Wells: (Laughs) There are lots of movies for them too and I hope that those movies keep getting made because it should be a vibrant, big marketplace with lots of different stuff.
CS: Now, you’ve also been involved with producing a lot of amazingly daring movies over the years and I was curious, are you doing anything now?
Wells: Well, it’s been really tough. I do a lot of work with Christine Vachon and Pam Koffler on Killer Films, and that marketplace in the last 18 months is really tough. I think you’re seeing it in the films that are available to see. Things have changed, so it’s getting tougher and tougher. Todd Haynes wanted to re-do “Mildred Pierce,” and Kate Winslet’s doing it, and we ended up doing it at HBO as a five-hour miniseries. I think it’s actually good because they got to go back into the book and make a bigger piece, but I don’t know that we could’ve gotten that financed as a movie.
CS: HBO is right at the forefront.
Wells: Yeah, because they’re willing to take chances for them and their audience which is a great thing. They’re trying to provide things that you can’t see elsewhere or don’t see elsewhere, and unfortunately that’s including things you don’t see in the theater very much. It’ll be really interesting just to see this next year how many films can kinda squeeze through.
CS: Sundance is just a month from now, and it’s going to be really interesting to see if they can get as many films as they have in the past year.
Wells: Well, I think what you’re gonna see a lot at Sundance–and this may be a great thing–is a return to really indie films, very inexpensive films because nobody can raise the financing for the larger ones. I’m really interested in hearing what you think about what you see at Sundance. I mean, is there a significant difference in the kind of films? I think it won’t just be what they have chosen to put in. I mean, I think it’s also kind of what’s available. These kind of films that’s got these kinds of actors aren’t going to be there very much.
CS: I know you’ve been writing and directing an episode for an upcoming Showtime show as well.

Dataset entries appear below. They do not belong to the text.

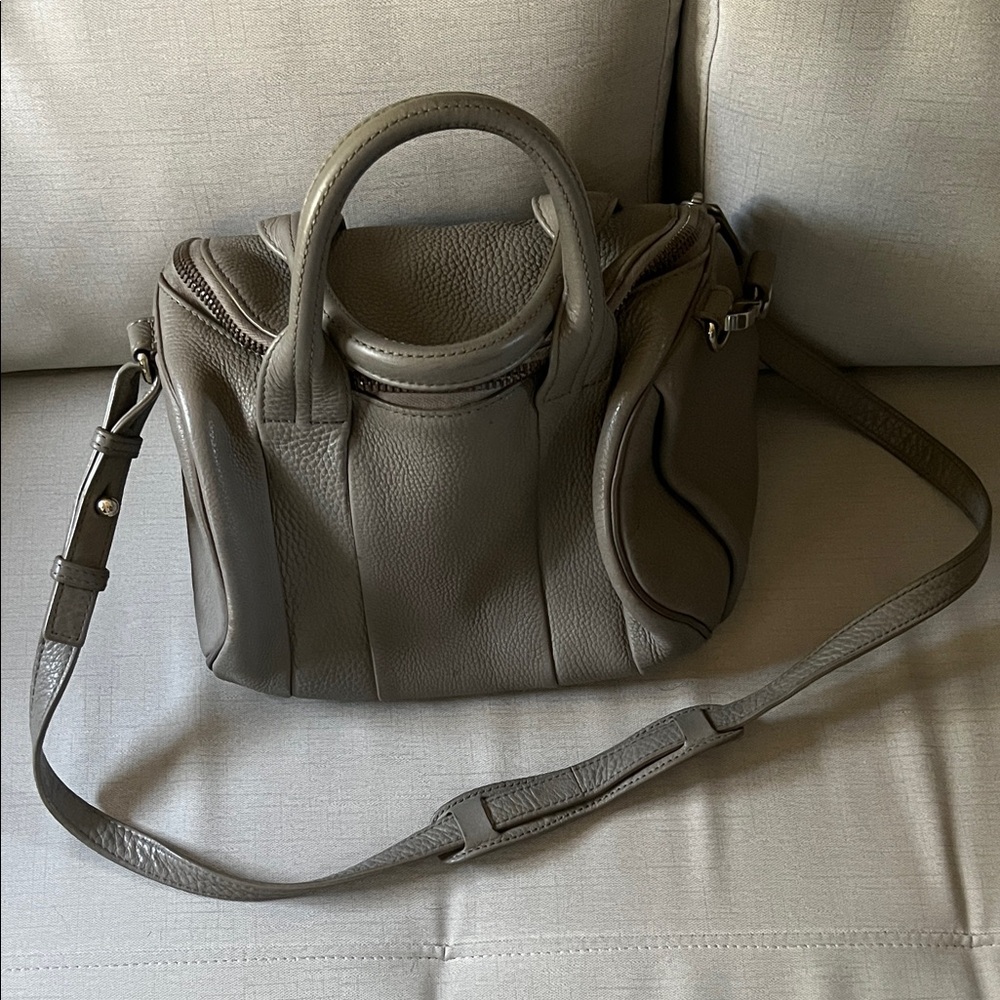 Alexander Wang Rockie Gray Crossbody Bag Purse
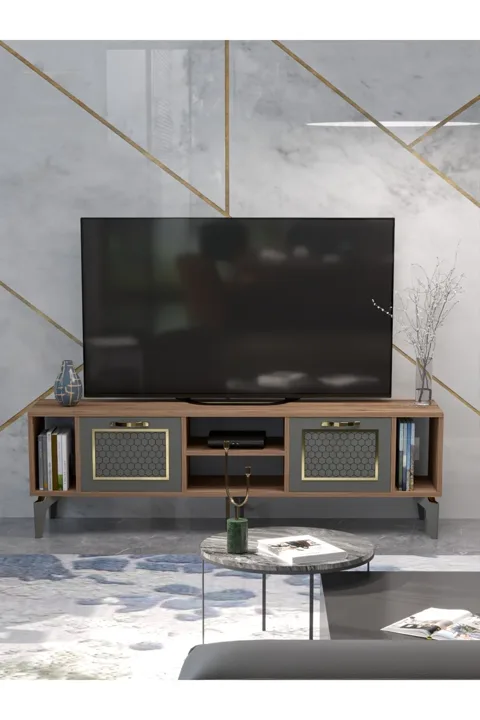 TV Unit - Brown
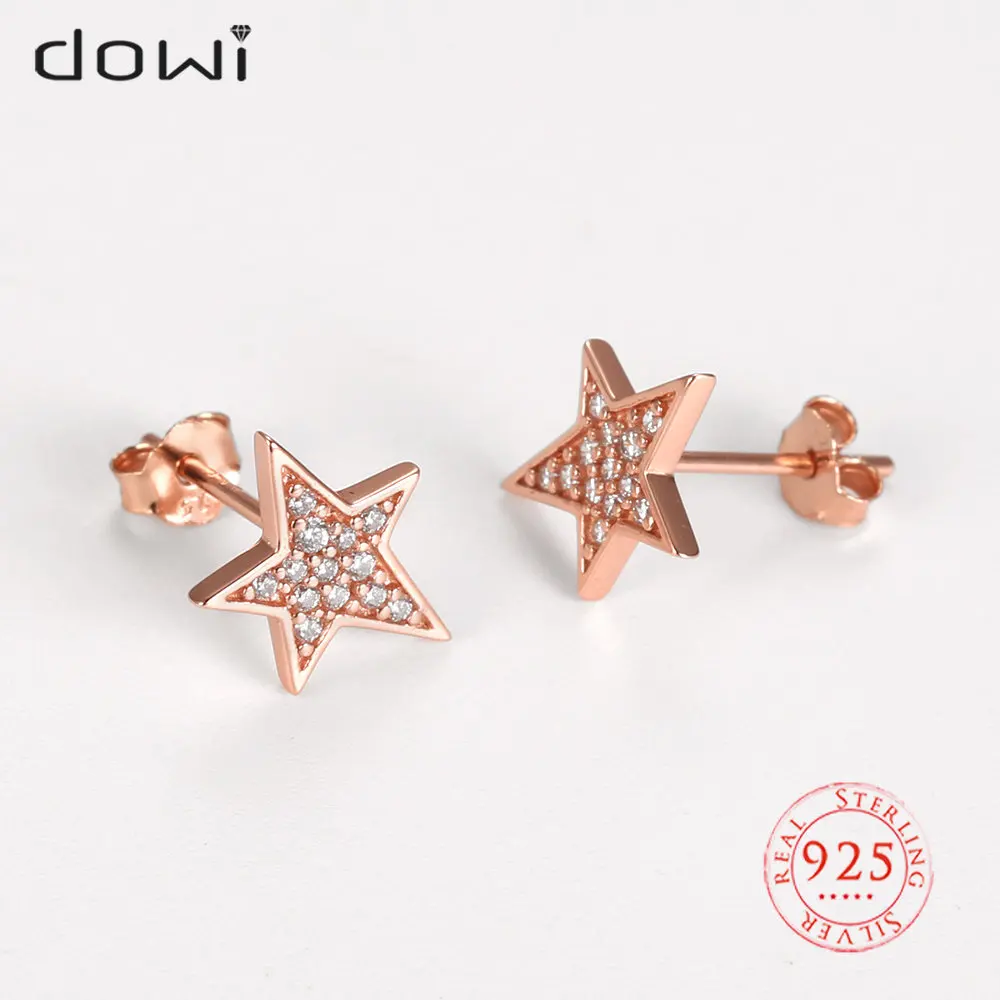 Dowi 925 Sterling Silver Cubic Zirconia Stones Ear Piercing Star Rose Gold Stud Earrings Not Allergic Fine Jewelry for Women
Dowi 925 Sterling Silver Cubic Zirconia Stones Ear Piercing Star Rose Gold Stud Earrings Not Allergic Fine Jewelry for Women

Wells: Yeah, we’re producing a new show for Showtime called “Shameless” with Bill Macy and Emmy Rossum and Joan Cusack. It starts in January and I’m gonna direct one of those and supervise the writing. My company’s doing it.
CS: I was curious about that because you’re able to direct an episode early now rather than “ER,” where you had to wait a while before you got into that.

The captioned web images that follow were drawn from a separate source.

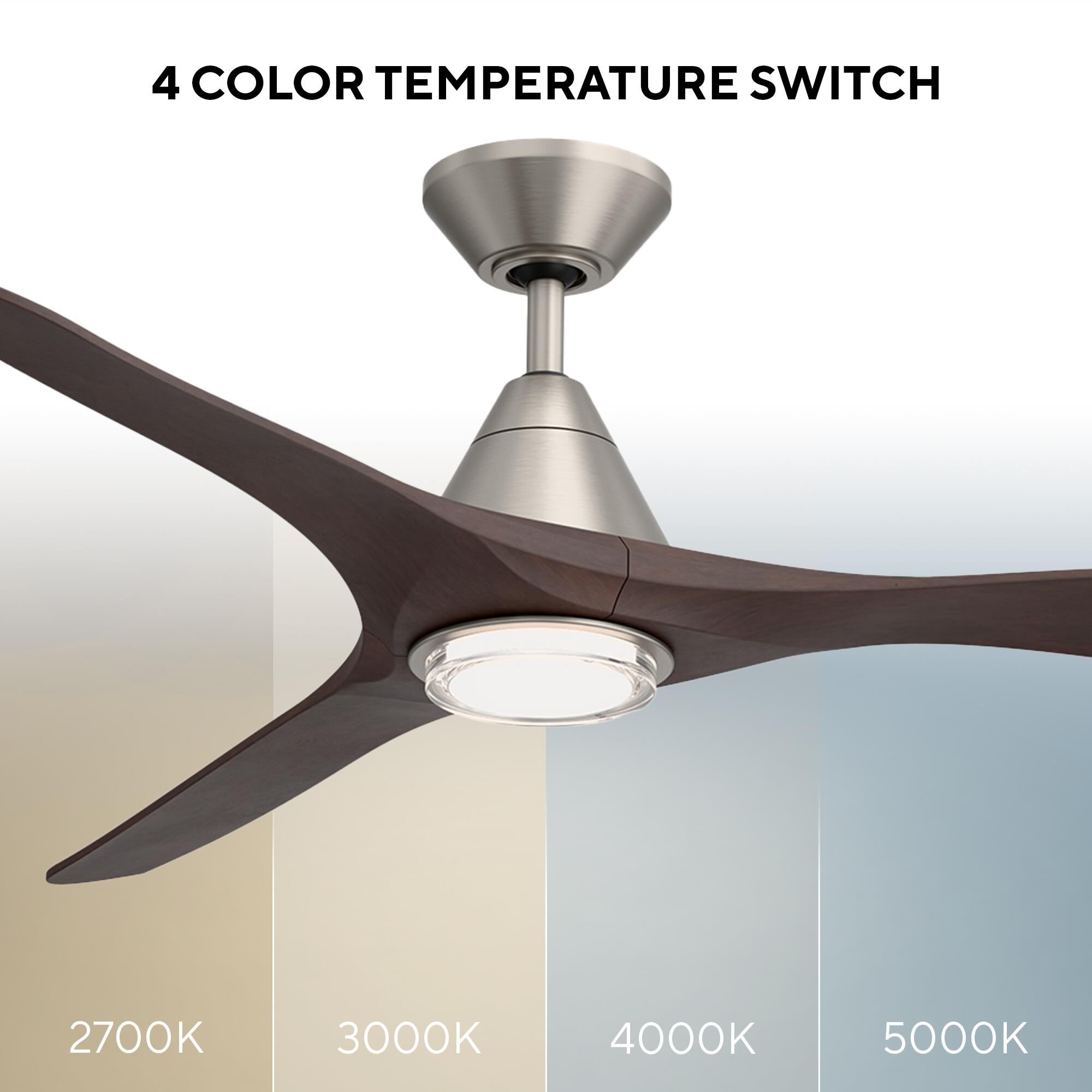 Carve 60 Inch Ceiling Fan with Light Kit by Modern Forms
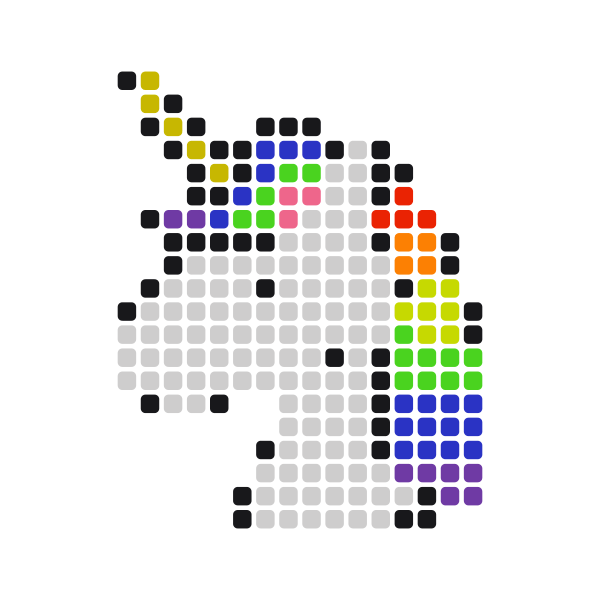 Unicorn Pony Bead Pattern perler bead pattern — 26×26, 219 beads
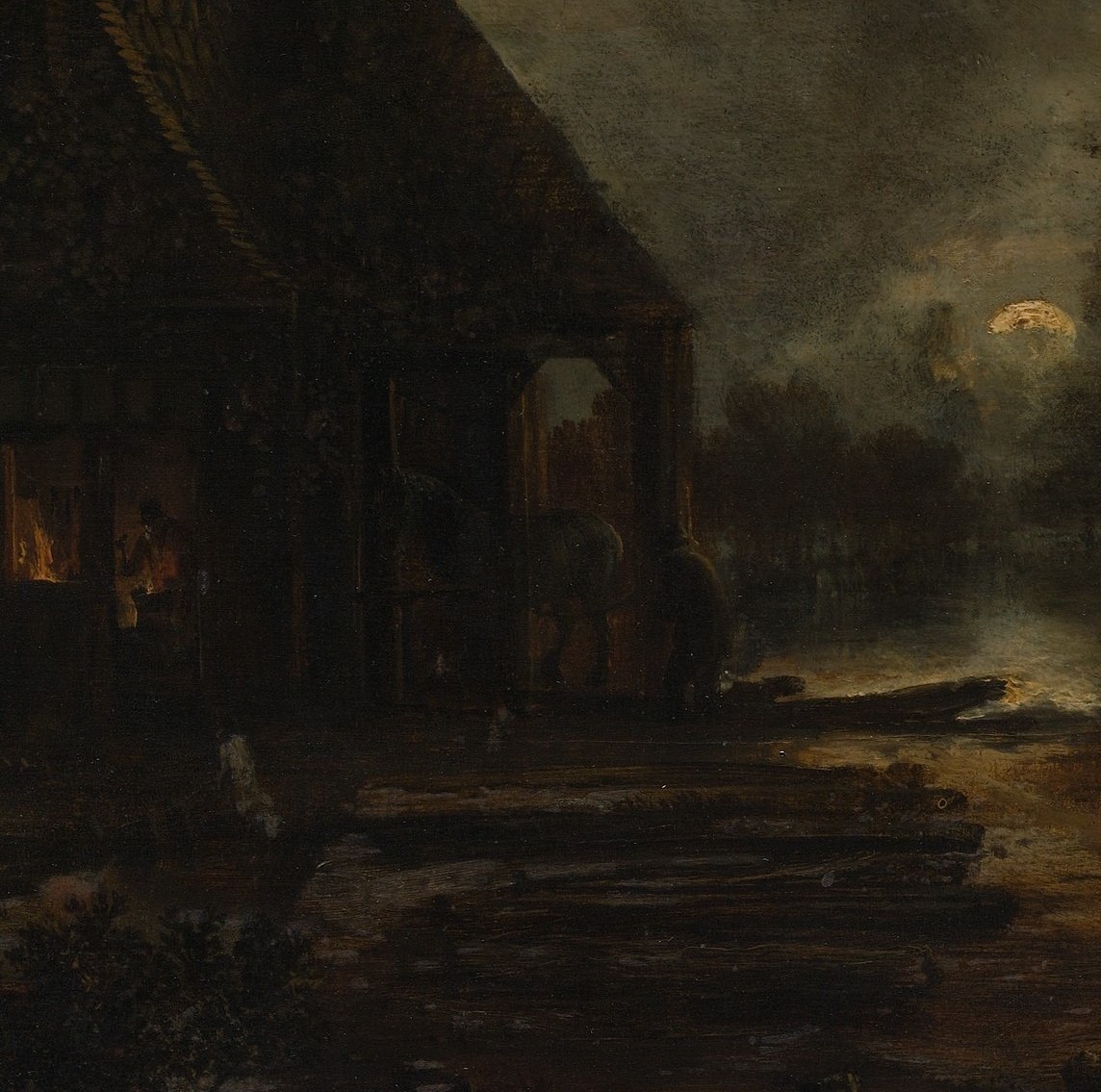 Aert van der Neer died in obscurity in 1677.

Wells: Well, cable helps because you can have all the scripts written in advance so you’re not like, slowing down the writing process while you do it because you don’t do as many.
CS: Do you have any other projects that you’re producing or directing that you’re excited about?

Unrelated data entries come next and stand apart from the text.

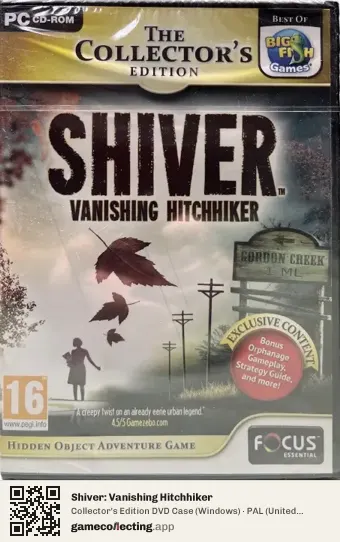 Shiver: Vanishing Hitchhiker Computer, United Kingdom box front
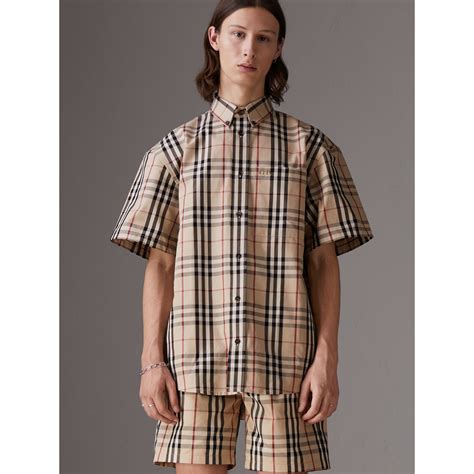 burberry cutout short sleeve shirt|burberry short sleeve shirt vintage.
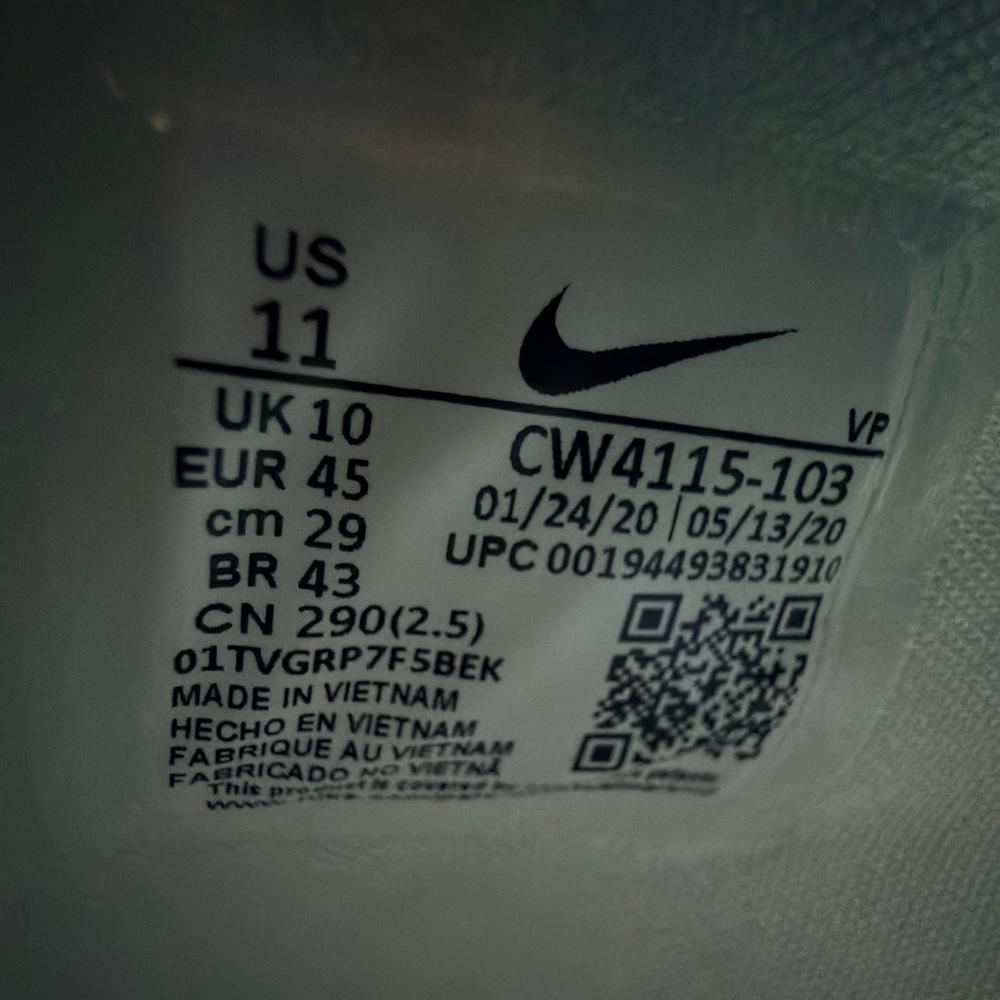 Nike KD 13 TB Promo White Black Men’s Size 11 Basketball Shoe CW4115-103 - Picture 9 of 15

Wells: Well, yeah, this one. I mean, we’re getting there. We’re gonna do the Tracy Letts play “August Osage County.” It’s a film for Weinstein. It’s been in the press already, so it’s not a secret. Julia Roberts and Meryl Streep look like they’re gonna do it, so and I’ll direct that next fall I think, so I’m working with Tracy on the screenplay now.
CS: I never got a chance to see the play unfortunately.
Wells: It’s a great play, and we’re trying to turn it into something less than a four-hour movie. It was a long play.
CS: Before we wrap things up, since you’re a voting member of the WGA, what do you see as a great script? How do you separate a great script from great direction?
Wells: Well, how do I actually try and do it? Sometimes you can, and sometimes you can’t. I mean, there’s things that are visually really interesting that also I think have to have a great script underneath it, so I tend to end up voting for both, for the same films.
CS: So do you generally lean towards people who are writers and directors?
Wells: Oh, do I? No, not necessarily. Like, this year, I thought “The Social Network” was a terrific script, and Aaron’s of course, a friend, and David Fincher did a great job. I really liked “127 Hours” as a unified script and directing. Something came together in that that’s really interesting with Simon. They’ve obviously done some good work together in the past.
The Company Men opens in select cities on Friday, January 21.